En ese sentido, las élites mexicanas —sobre todo las económicas y mediáticas— son hoy grandes responsables de diversos lastres que aquejan al país. Entre ellos se encuentran la adopción ideológica acrítica de las tesis más endurecidas del individualismo económico y la ridiculización en contra de idearios que pugnen por tesis solidarias o de responsabilidad colectiva o de comunidad. Nuestras élites económicas, siempre tan propensas al autoengaño de la «cultura del esfuerzo», han preconizado con fuerza que todo intento de promover un «piso parejo» económico en la sociedad (tal como lo exigía el liberalismo político clásico) es «peligroso populismo» o «paternalismo» o «clientelismo», y olvidan así que las sociedades fuertes y desarrolladas lo son precisamente porque atienden que ciertas desigualdades económicas —relativas a educación y salud, por ejemplo— deben ser atendidas en aras de una mejor posibilidad de existencia de igualdad política.
Es en esas élites mexicanas donde ha recaído la principal falta de empatía y falta de solidaridad que caracterizaron al régimen de la post-post-revolución. El amasijo complejo que hoy se conoce como «clase media» (cuya ambigüedad es tal que a veces parece más un estado mental que una posición económica) es variado y no se reduce a una sola manera de pensar.
Es indudable que dentro de esa llamada «clase media» existe un sector conservador, alienado y desclasado que, psicológicamente, se mira a sí mismo como parte de una élite, sin serlo en los hechos. Esa confusión, desde luego, hace que exista en ese grupo social un sentido excluyente y elitista contra sectores menos afortunados económicamente, aunque en la realidad estén más cerca de ellos que de los «de arriba». Ese sentido excluyente no es cosa menor y puede ser insumo de movimientos peligrosos. No en balde, Wilhelm Reich y otros caracterizaron al fascismo precisamente como «una revolución conservadora de las clases medias», a quienes las movía la «personalidad autoritaria»; es decir: la idea de que la mejor conducta social, o al menos la más «efectiva», consiste en ser prepotente con el de abajo pero servil con el de arriba.

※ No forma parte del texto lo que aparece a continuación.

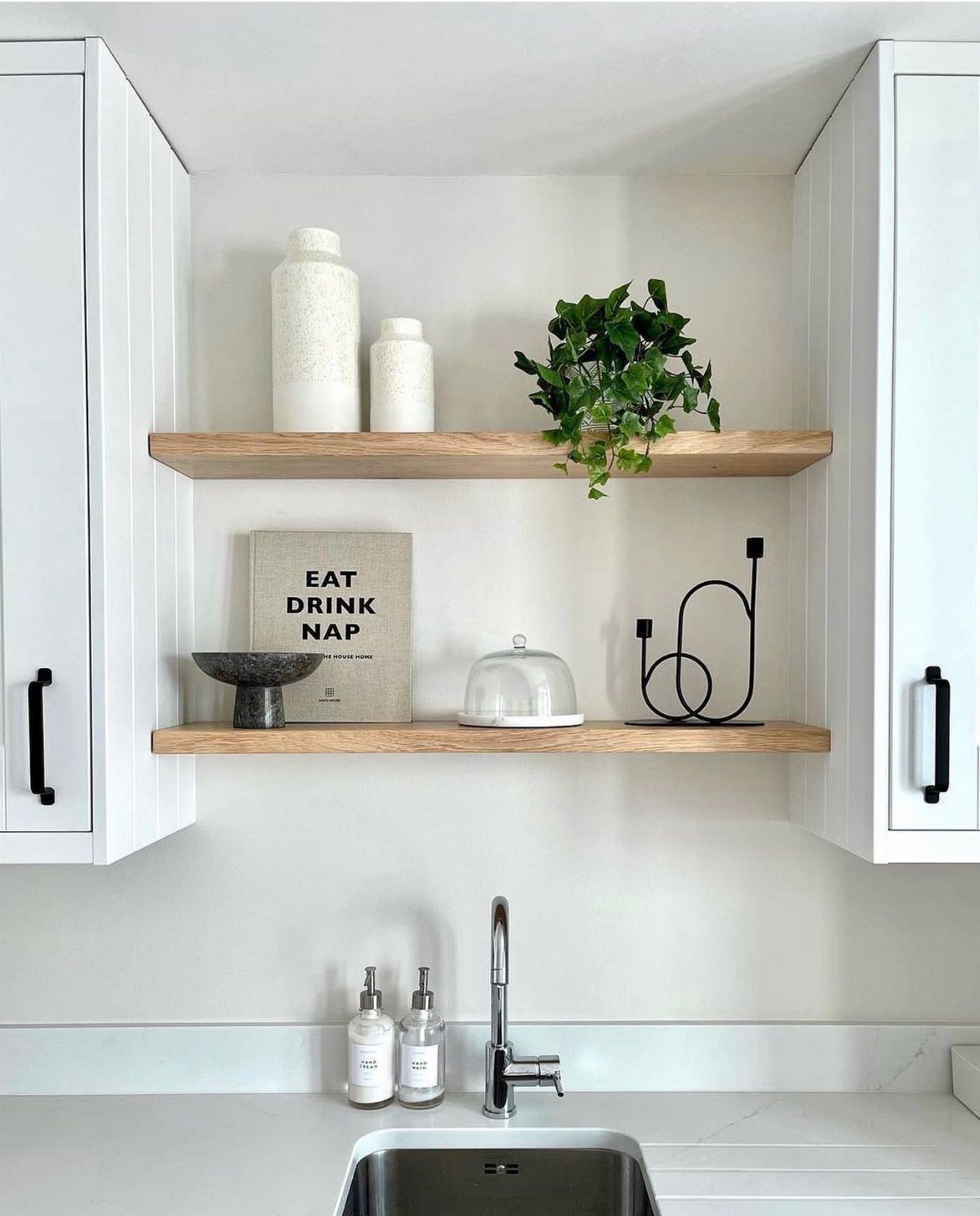 Two wooden floating shelves holding white ceramics and a small plant against a white wall.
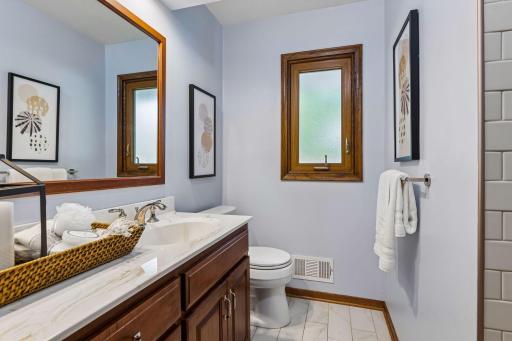 warm and clean full main bath has solid wood cabinets.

En ese maremágnum se inscribe la idea del «aspiracionismo» que no tiene nada que ver con los legítimos deseos de movilidad social o proyectos de vida florecientes de las personas. Tiene que ver con la equivocación de ciertas franjas sociales de pensar que conforman una élite a la que en realidad no pertenecen y que, en los hechos, quienes sí son de esa élite pueden ser tan excluyente contra ellos como contra los que están más abajo.
Por eso, si bien hay mucho que criticarle a este sector social, es mejor enfocar baterías en la crítica a los verdaderos adversarios: las élites deshumanizadas y anti-solidarias en México, y no tanto a las clases medias aspiracionistas que, en el mejor de los casos, han sido sólo compañeros de ruta de aquéllas. Al final, esos aspiracionistas son propensos a padecer las penurias de los de abajo, y un gobierno de izquierdas hace bien en priorizar a esa gran franja social.
Porque al final, en política el principal adversario está en quien tiene más margen de maniobra, capacidad de movilización de recursos materiales y simbólicos e influencia. En ese sentido, López Obrador podría centrarse en que su gobierno neutralice a los que sí son ricos y arrogantes, en vez de distraerse con los que solamente son arrogantes a secas.